However, neither Dunn nor Davis could play wide. At least Moyes had Thomas Gravesen, Lee Carsley, Tobias Linderoth, Li Tie, Leon Osman, Scot Gemmill and even Nyarko as options in the middle.

Hardly Champions League pedigree, but it was at least something for the manager to work with.

Both Carsley and wing-back Steve Watson shaped as legitimate options for the right of midfield, and it was Watson’s propensity to attack that appealed to Moyes and he was duly thrust out wide.

Ever since Niclas Alexandersson was brought in specifically for the position – only to be found out as nothing more than reserve quality – concerns over the gap on the right grew rapidly. But as the season progressed, Watson allayed such fears, clinching the deal with a three-goal haul against Leeds.

The real problem however, was on the left.

While all-out defenders like Gary Naysmith or David Unsworth were considered virtually too one-dimensional outside of the back four, new singing James McFadden danced his way into the starting line-up with a combination of audacious trickery and confidence.
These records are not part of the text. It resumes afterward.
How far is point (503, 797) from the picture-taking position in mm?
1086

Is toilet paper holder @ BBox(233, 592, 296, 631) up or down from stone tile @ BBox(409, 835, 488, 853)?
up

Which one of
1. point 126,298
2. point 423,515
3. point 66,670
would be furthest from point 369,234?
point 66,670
Kilbane was fronting up for the reserves, occasionally for the seniors from the substitute bench – but McFadden’s star was shining too brightly for the Irishman to be considered.

The questions were beginning to be asked. Was the mirth of Sunderland fans justified? Is this why they never wanted him? Was he brought in as a "panic buy" to appease the transfer appetite of ambition-starved fans?
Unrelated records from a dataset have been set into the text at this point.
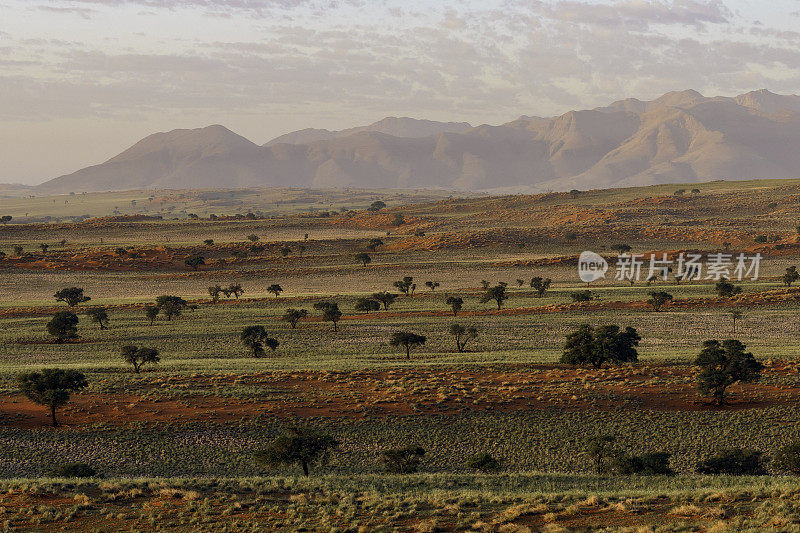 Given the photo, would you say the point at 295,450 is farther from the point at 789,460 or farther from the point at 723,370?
A: the point at 723,370

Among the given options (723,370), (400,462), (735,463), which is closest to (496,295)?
(723,370)

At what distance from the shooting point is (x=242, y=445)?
3522cm

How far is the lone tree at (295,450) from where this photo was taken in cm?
2952

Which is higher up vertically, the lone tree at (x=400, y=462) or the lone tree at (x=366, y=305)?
the lone tree at (x=366, y=305)

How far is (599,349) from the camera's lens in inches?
1954

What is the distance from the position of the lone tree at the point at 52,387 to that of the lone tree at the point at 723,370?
3712cm

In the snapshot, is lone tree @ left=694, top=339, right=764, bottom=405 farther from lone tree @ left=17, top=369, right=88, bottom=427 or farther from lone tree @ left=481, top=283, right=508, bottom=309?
lone tree @ left=17, top=369, right=88, bottom=427

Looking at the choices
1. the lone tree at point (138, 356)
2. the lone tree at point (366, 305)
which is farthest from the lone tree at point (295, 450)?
the lone tree at point (366, 305)

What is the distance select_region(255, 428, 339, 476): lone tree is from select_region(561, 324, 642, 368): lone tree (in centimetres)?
2524

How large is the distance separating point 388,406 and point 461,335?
24642 millimetres

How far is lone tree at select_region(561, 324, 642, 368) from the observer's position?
162 feet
With Watson succumbing to injury, McFadden joined Carsley, Rooney and Gravesen in unlikely four-man rotation on the right.

Suddenly, the original vacancy Kilbane had been brought in for had re-appeared, and Moyes called on his thinly-built Irish winger to plug the hole.
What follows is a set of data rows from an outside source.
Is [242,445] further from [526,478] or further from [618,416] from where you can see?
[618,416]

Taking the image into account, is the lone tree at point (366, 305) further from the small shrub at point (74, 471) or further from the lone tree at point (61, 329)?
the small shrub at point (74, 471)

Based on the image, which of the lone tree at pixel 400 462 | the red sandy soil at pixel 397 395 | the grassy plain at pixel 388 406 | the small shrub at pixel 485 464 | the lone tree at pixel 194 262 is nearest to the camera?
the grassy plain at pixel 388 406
Kilbane started rather cautiously; reviews were generally focused more on the likes of Jeffers and Tomasz Radzinski spurning chance after chance, Martyn making save after save and Rooney incurring card after card.

McFadden’s star was starting to dim – as inevitably happens with one so young – and suddenly Kilbane found himself providing a necessary presence for Moyes.

By the time December rolled around, Kilbane was now ensconced on the left. Suddenly, the balls were flying thick and fast from out wide, and regularly finding the rejuvenated Duncan Ferguson or the once-again super sub Rooney.

And now as we approach the business end of the season, Kilbane is virtually the first name on the team sheet, as nobody seems even remotely capable of tipping the number 14 out of the first team side.

Add a pair of goals against Norwich and Wolverhampton to a recent scorching 25-yard drive against Fulham, and he’s hardly one who’s going to fade into the bright lights of Liverpool.

Those on the terraces are showing their support too – Everton fans on voted him as Player of the Month for December, and there’s a fair chance he’ll take it out for January as well, as his rich vein of form shows no signs of abating.

The Goodison faithful have been starved of world-class wingmen since the heady days of Andrei Kanchelskis and Anders Limpar, and while Kilbane is unlikely to ever be mentioned in the same breath, he is certainly giving his critics something to think about.